Soviet Union. The New Year Voyage (Новогоднее путешествие = Novogodnee Puteshestvie). A 1959 10’42” theatrical short directed by Pyotr Nossov and produced by Soyuzmultfilm. The American title is A Christmas Tree. Young Kolya is celebrating the holiday in Moscow and decides to bring a decorated tree to his meteorologist father stationed in Antarctica. Father Frost (the Russian Santa Claus) loans Kolya his starshooter jet, but a tornado in Africa makes Kolya crash. A friendly talking lion, monkeys, a whale, and penguins help Kolya to continue with the tree to Antarctica. Just as he is about to reach his father’s weather station, Kolya wakes up. He dismisses the adventure as a dream, but a telegram from his father says that he did get a mysterious holiday tree. The American dub changes all the Russian New Year references to Christmas ones.

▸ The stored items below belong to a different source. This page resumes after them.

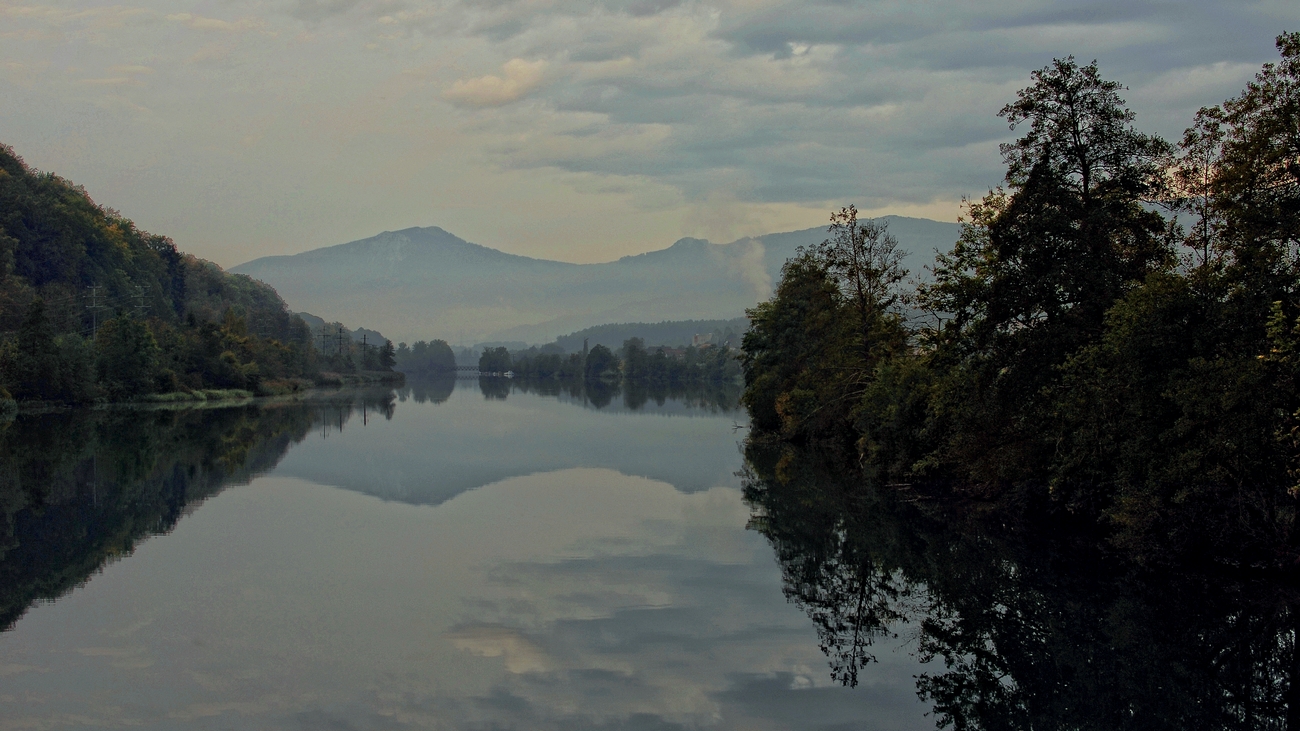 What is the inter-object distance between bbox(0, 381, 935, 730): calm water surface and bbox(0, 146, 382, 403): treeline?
4982cm

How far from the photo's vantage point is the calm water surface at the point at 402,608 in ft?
42.0

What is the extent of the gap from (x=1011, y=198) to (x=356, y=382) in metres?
174

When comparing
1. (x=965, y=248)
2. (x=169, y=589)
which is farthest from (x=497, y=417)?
(x=169, y=589)

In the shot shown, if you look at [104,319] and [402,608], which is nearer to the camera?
[402,608]

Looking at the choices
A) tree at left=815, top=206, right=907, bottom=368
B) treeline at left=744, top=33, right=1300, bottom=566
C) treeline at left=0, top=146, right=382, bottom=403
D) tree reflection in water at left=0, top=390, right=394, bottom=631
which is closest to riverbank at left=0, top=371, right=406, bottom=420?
treeline at left=0, top=146, right=382, bottom=403

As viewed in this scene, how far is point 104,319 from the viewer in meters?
119

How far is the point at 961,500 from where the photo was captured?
32.7m

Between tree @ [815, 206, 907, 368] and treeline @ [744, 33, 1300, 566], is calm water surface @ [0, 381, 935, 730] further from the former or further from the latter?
tree @ [815, 206, 907, 368]

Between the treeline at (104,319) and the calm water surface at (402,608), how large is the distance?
4982 cm

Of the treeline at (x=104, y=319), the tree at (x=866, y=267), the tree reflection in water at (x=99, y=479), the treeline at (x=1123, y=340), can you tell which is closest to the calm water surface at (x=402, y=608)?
the tree reflection in water at (x=99, y=479)

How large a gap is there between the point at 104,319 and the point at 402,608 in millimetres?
116555

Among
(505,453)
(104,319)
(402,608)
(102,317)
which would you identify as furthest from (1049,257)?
(102,317)

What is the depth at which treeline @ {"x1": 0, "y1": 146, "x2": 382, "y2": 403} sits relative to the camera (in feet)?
273

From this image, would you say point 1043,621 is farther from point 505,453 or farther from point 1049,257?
point 505,453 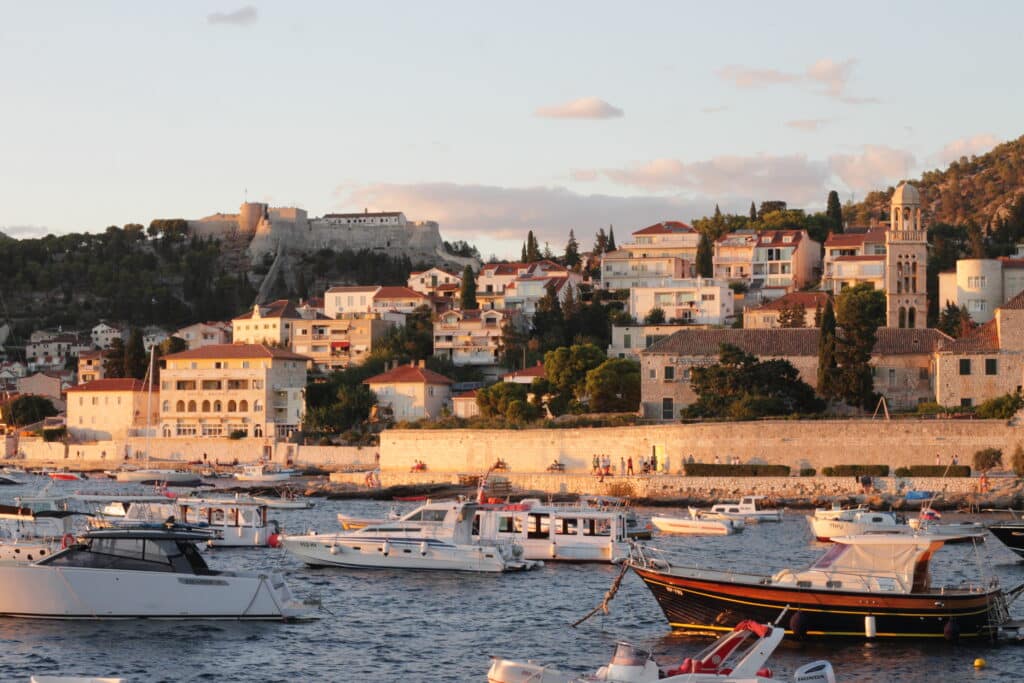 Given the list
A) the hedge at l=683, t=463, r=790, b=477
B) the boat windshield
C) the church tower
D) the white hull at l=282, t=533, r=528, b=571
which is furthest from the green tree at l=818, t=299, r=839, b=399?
the boat windshield

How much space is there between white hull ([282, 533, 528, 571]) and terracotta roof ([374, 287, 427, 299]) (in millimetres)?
74767

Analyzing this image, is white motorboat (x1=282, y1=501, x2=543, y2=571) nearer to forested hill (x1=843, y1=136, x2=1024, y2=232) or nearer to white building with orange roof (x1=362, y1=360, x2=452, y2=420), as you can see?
white building with orange roof (x1=362, y1=360, x2=452, y2=420)

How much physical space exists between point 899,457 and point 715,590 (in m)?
33.5

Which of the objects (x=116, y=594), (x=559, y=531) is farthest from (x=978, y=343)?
(x=116, y=594)

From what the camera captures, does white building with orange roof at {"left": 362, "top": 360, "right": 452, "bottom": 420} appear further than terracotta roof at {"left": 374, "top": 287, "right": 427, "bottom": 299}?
No

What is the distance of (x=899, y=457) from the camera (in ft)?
186

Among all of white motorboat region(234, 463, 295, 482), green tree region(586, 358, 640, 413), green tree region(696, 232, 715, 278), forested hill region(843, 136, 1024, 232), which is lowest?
white motorboat region(234, 463, 295, 482)

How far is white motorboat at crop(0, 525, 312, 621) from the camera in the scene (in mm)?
25641

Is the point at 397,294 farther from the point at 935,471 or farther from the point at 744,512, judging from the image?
the point at 744,512

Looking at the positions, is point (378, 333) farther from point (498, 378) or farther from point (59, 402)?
point (59, 402)

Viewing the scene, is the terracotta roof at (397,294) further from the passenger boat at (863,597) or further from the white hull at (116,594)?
the passenger boat at (863,597)

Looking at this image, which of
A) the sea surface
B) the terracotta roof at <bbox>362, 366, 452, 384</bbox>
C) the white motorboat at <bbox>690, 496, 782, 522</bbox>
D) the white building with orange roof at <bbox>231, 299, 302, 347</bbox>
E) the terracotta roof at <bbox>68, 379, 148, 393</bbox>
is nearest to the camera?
the sea surface

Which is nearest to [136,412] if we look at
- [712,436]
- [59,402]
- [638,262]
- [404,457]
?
[59,402]

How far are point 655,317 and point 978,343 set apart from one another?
99.0 ft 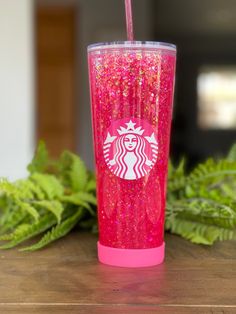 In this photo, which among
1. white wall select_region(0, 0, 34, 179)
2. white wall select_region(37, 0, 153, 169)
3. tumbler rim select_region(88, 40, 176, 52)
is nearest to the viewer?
tumbler rim select_region(88, 40, 176, 52)

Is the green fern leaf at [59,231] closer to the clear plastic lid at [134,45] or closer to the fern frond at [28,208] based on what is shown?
the fern frond at [28,208]

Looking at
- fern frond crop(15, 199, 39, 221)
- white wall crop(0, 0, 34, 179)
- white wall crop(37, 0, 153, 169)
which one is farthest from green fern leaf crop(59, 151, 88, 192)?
white wall crop(37, 0, 153, 169)

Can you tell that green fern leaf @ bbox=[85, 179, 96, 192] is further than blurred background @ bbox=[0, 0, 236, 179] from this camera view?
No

As I have a specialization in Japanese animation, here’s some additional Christmas anime in more detail. (Actually, there has been so little that this is easy.)
Anime and the Christmas season would not seem to go together, but there are some surprises. The main one is “Shonen Santa no Daibouken”, or The Great Adventures of Young Santa. This was an animated 24-episode weekly TV serial from April 6 to September 21, 1996, supposedly an adaptation of L. Frank Baum’s The Life and Adventures of Santa Claus. It was never licensed for America, and it was so childish (it was from Studio DEEN, which has never been known for great animation) that no American anime fans were interested in getting episodes from Japan, so I have never seen more than a couple of examples of its promotional art. Judging by that, however, Studio DEEN apparently kept Santa as a child throughout the series, whereas Baum told his story as Claus grew up, mostly as a young adult and adult, until he became Santa Claus as an old man.

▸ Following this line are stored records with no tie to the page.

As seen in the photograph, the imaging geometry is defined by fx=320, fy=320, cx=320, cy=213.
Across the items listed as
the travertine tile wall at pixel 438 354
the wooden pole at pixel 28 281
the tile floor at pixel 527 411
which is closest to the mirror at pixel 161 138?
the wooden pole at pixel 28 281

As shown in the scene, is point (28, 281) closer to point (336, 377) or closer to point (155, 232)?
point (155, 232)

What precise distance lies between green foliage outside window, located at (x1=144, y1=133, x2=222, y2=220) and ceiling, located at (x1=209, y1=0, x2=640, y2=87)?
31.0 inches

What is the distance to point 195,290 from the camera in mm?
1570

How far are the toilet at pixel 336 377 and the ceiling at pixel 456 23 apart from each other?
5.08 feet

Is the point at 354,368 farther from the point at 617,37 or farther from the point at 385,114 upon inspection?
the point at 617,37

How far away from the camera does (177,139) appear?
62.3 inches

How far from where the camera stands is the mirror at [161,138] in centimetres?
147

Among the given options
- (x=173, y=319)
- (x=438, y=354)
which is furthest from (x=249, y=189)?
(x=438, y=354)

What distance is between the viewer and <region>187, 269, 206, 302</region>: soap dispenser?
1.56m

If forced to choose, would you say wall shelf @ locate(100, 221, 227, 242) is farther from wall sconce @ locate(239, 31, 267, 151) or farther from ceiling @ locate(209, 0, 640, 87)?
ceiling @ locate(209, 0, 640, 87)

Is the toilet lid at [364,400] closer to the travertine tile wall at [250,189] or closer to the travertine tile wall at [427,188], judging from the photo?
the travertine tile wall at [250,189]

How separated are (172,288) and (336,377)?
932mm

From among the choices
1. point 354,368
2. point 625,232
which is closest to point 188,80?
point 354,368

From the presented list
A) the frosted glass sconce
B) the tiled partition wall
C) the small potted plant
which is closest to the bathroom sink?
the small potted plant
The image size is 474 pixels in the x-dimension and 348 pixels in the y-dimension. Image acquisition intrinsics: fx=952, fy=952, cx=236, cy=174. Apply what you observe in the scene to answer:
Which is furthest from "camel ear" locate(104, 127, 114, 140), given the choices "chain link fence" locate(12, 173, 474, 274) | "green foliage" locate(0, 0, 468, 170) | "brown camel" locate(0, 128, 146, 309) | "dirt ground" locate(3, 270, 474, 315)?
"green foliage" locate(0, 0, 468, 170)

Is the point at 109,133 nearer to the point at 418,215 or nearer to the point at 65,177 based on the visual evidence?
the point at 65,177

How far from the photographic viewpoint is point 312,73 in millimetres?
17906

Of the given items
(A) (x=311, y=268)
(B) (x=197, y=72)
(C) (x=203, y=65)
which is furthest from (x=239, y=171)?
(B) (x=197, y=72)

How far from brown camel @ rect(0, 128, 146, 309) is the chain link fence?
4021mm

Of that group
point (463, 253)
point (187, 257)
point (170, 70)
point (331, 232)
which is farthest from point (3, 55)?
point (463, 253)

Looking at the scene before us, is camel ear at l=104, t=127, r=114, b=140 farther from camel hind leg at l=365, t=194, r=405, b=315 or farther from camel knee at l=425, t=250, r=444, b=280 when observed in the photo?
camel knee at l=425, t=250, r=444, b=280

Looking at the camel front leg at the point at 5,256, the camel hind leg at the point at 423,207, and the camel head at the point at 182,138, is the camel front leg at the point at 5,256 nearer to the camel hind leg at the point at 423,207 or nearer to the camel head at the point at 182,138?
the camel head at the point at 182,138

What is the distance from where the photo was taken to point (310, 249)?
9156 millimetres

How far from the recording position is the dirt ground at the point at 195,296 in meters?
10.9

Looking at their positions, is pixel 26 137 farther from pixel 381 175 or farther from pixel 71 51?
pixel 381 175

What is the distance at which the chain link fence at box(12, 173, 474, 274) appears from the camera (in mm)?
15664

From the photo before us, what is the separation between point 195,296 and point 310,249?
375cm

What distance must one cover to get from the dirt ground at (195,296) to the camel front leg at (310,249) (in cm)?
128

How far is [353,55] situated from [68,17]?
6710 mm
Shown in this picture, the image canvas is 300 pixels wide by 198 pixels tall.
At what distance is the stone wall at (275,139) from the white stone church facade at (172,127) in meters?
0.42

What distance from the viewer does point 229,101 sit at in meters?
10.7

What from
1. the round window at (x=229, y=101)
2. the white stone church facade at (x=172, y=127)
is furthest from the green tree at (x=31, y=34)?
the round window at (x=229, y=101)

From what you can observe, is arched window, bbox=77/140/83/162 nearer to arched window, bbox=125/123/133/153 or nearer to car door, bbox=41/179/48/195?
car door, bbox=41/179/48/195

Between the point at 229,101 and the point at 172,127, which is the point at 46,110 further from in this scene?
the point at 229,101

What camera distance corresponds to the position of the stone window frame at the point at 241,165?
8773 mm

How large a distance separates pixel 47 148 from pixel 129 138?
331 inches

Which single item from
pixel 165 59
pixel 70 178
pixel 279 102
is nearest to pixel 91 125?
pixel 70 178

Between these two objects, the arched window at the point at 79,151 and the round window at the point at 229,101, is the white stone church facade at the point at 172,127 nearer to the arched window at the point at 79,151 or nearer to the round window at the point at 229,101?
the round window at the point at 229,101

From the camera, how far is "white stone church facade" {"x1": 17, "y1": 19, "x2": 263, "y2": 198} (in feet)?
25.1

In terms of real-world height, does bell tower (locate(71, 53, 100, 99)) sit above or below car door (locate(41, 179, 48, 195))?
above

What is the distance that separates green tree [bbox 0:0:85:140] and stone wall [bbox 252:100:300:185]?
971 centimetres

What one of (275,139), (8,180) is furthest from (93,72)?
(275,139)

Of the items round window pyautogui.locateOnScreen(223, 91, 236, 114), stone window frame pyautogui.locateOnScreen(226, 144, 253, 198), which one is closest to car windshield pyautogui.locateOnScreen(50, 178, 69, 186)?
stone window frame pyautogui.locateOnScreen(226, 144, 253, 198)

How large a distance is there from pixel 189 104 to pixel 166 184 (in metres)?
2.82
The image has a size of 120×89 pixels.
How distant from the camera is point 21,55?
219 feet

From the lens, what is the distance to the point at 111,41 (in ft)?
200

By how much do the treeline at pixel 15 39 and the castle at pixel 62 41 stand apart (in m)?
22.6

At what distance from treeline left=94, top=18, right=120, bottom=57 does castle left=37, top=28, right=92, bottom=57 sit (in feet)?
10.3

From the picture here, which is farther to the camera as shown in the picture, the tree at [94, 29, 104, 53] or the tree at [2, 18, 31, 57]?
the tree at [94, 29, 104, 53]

Other than that, there have only been individual Christmas episodes of TV anime series, but there have been lots of them. It has been interesting to see the increased awareness of Christmas in Japan through its animation. At first, in the 1960s when TV anime began, the average Japanese did not know anything about Christmas other than that Japanese merchants were promoting the hell out of the American foreign devils’ gift-giving holiday. I have vague memories of a Christmas party in a 1963-’64 episode of Osamu Tezuka’s Astro Boy with a big “Mary Christmas” (sic) banner over it – I would not know which episode today. (Tezuka, who could laugh at himself, deliberately repeated the error in his 1980 Astro Boy remake, in episode 12, “The Light Ray Robot”.)
By the 1980s, the average Japanese had a better idea of what Christmas was about, and knew the difference between “Mary” and “Merry”, though I still would not bet that they really understood Christianity. Practically every TV series set in contemporary Japan that ran over December had a Christmas episode, and there were at least a couple of interplanetary science-fiction adventures that had Christmas-in-space episodes – the 1996-’97 Martian Successor Nadesico and the 2000-’01 Vandread, in particular. These Christmas episodes did not usually amount to much more than teenagers wondering what gifts to get their girl- or boyfriends. A couple that stood out, though …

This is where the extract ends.